- [Task input]:
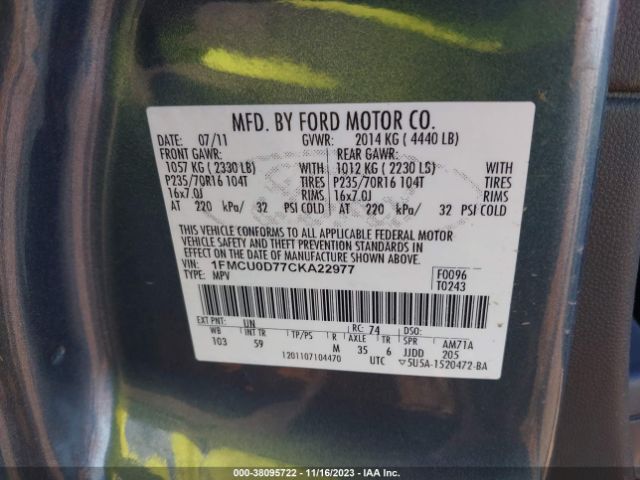 Photo 8 VIN: 1FMCU0D77CKA22977 - FORD ESCAPE 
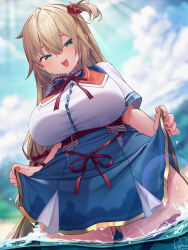 Rule 34 | 1girl, ahoge, akai haato, akai haato (1st costume), aqua eyes, beach, blonde hair, blue skirt, blue sky, blurry, blurry background, blush, breasts, cloud, collared shirt, day, fang, gluteal fold, hair between eyes, hair ornament, heart, heart hair ornament, highres, hololive, huge breasts, long hair, looking at viewer, magowasabi, nail polish, open mouth, outdoors, red ribbon, ribbon, shirt, short sleeves, signature, skin fang, skirt, sky, smile, solo, standing, summer, thick thighs, thighs, very long hair, virtual youtuber, wading, white shirt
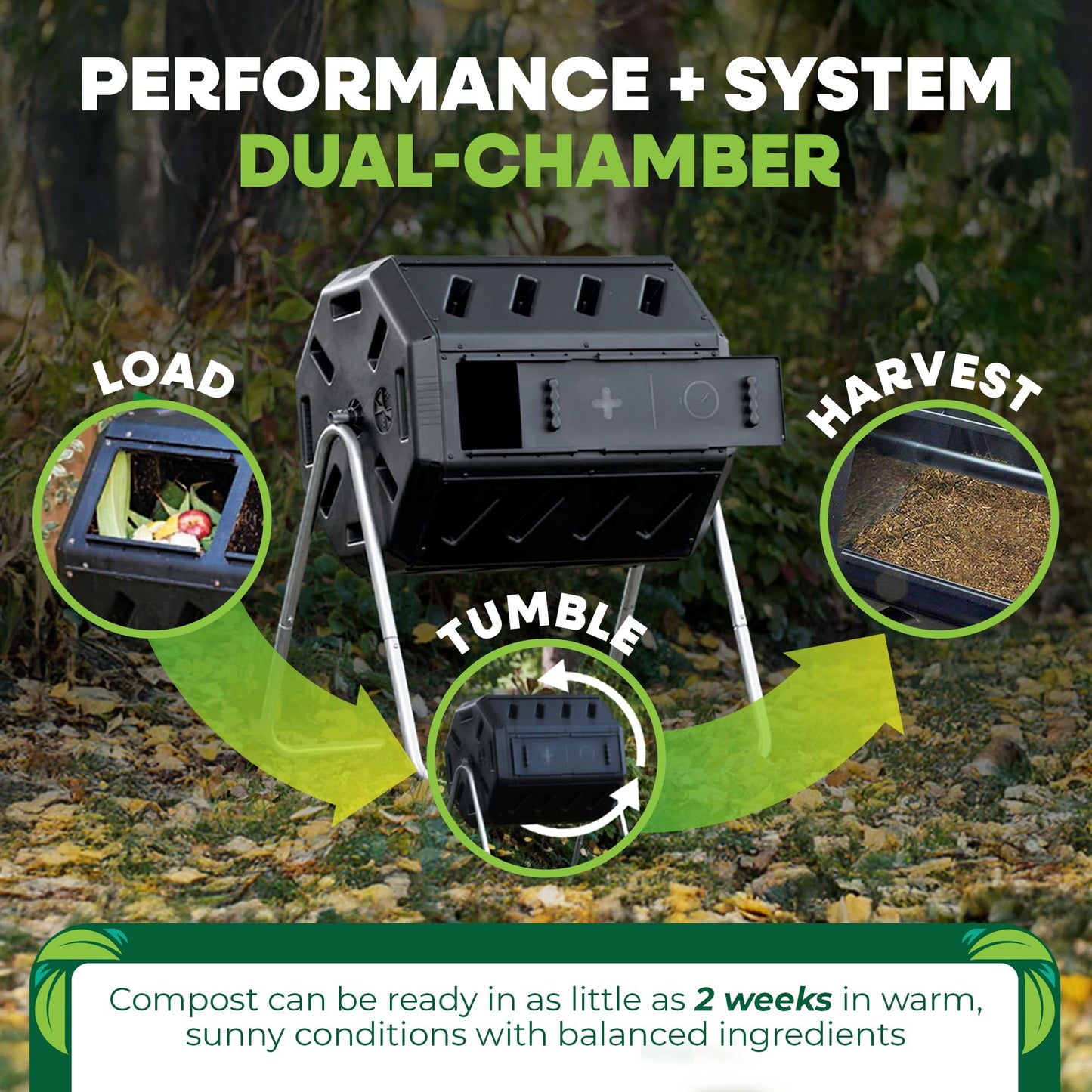 FCMP Outdoor IM4000 Dual Chamber Tumbling Composter Canadian-Made, 100% Recycled Resin - Outdoor Rotating Compost Tumbler Bin for Garden, Kitchen, and Yard Waste, Black (37 Gallon) 🍁 All In One Marketplace Canada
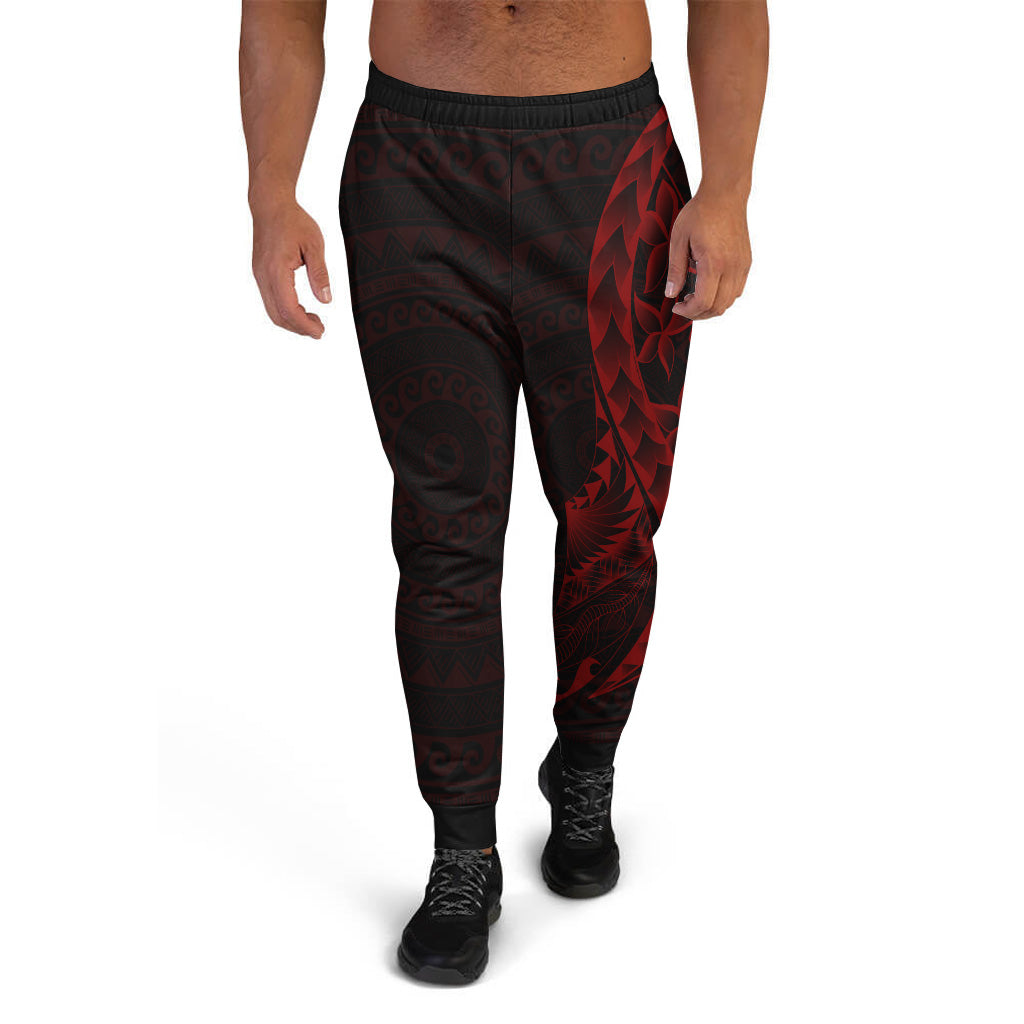 Polynesian Jogger - Red Tribal One Side
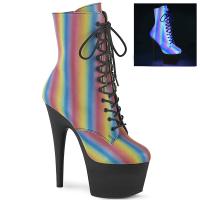 Sale ADORE-1020REFL-02 Pleaser vegan platform high heels ankle boot reflective rainbow black matte 36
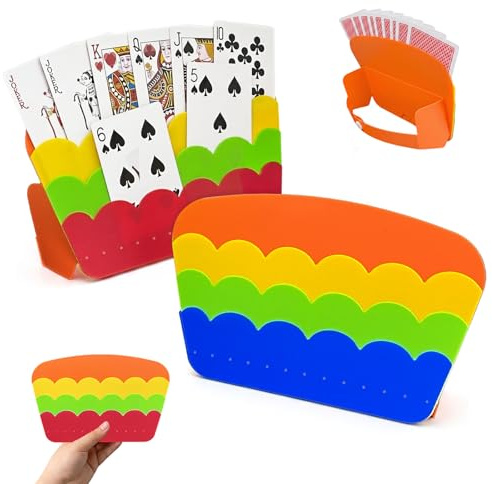 Bellanova 2 Stück Kunststoff Spielkartenhalter | Mit Mehrschichtigen Kartenschlitzen, Aufstellbar für Familie, Party, Reise und Camping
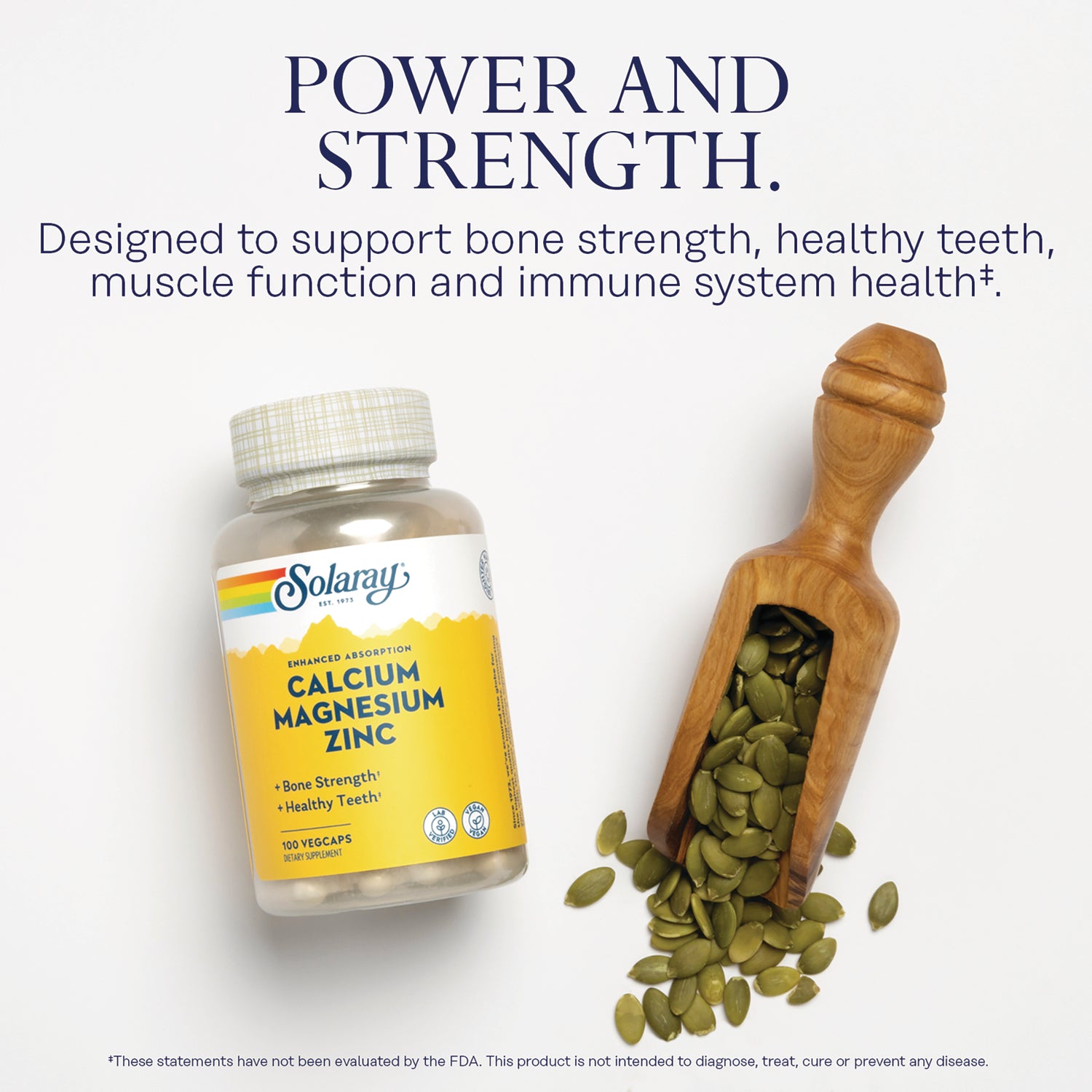 SLR335 | Power and Strength: Solaray Calcium Magnesium Zinc bottle; supports bone strength, healthy teeth, muscle function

- [What is needed]:
Every line from the one holding "FCMP Outdoor IM4000" to the last line of the listing above, inclusive, must appear exactly as written, and no picture may appear.

- [Task solution]:
 FCMP Outdoor IM4000 Dual Chamber Tumbling Composter Canadian-Made, 100% Recycled Resin - Outdoor Rotating Compost Tumbler Bin for Garden, Kitchen, and Yard Waste, Black (37 Gallon) 🍁 All In One Marketplace Canada
 Polynesian Jogger - Red Tribal One Side
 Sale ADORE-1020REFL-02 Pleaser vegan platform high heels ankle boot reflective rainbow black matte 36
 Bellanova 2 Stück Kunststoff Spielkartenhalter | Mit Mehrschichtigen Kartenschlitzen, Aufstellbar für Familie, Party, Reise und Camping
 SLR335 | Power and Strength: Solaray Calcium Magnesium Zinc bottle; supports bone strength, healthy teeth, muscle function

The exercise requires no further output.